Chicken is a popular dish on our dinner menu. There are so many ways you can make chicken, and I love it’s versatility. Most of the time we have some version of the chicken breast. We often have it baked, sauteed, fried, in in some type of sauce. I have always wanted to try to roast a whole chicken but never did because I thought it would be too difficult or because I didn’t have the time. Now that classes are over for the semester, I have more time to cook, so I thought it was finally time to try a whole chicken. This chicken came out so tender and moist. The chicken really absorbed the flavors of the rub. David said this was one of the best meals I’ve ever cooked for him. He had the idea of cooking rice in the pan drippings. We used 2/3 cup rice, about a cup of pan drippings, and about 1 1/2 cups water and cooked the rice until it was done. I got the ideas for the rub from allrecipes. Here is my recipe:
4 teaspoons salt
2 teaspoons paprika
1 teaspoon dried thyme
1/2 teaspoon cayenne pepper
1/2 teaspoon black pepper
1/2 teaspoon garlic powder
1 onion, quartered
2 cloves fresh garlic
In a small bowl, mix together spices.
Remove and discard giblets from chicken.
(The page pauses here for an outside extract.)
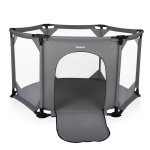 Baninni parc de jeu giocco gris foncé Baninni parc de jeu giocco gris foncé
Rinse chicken cavity, and pat dry with a paper towel. Rub chicken inside and out with spice mixture. Place in resealable bag. Refrigerate at least 4 to 6 hours, or overnight.
Preheat oven to 250 degrees. Place chicken on a roasting pan. Bake uncovered for 4 to 4 1/2 hours to a minimum internal temperature of 180 degrees (mine got to about 185 degrees). Let chicken stand at least 10 minutes before carving.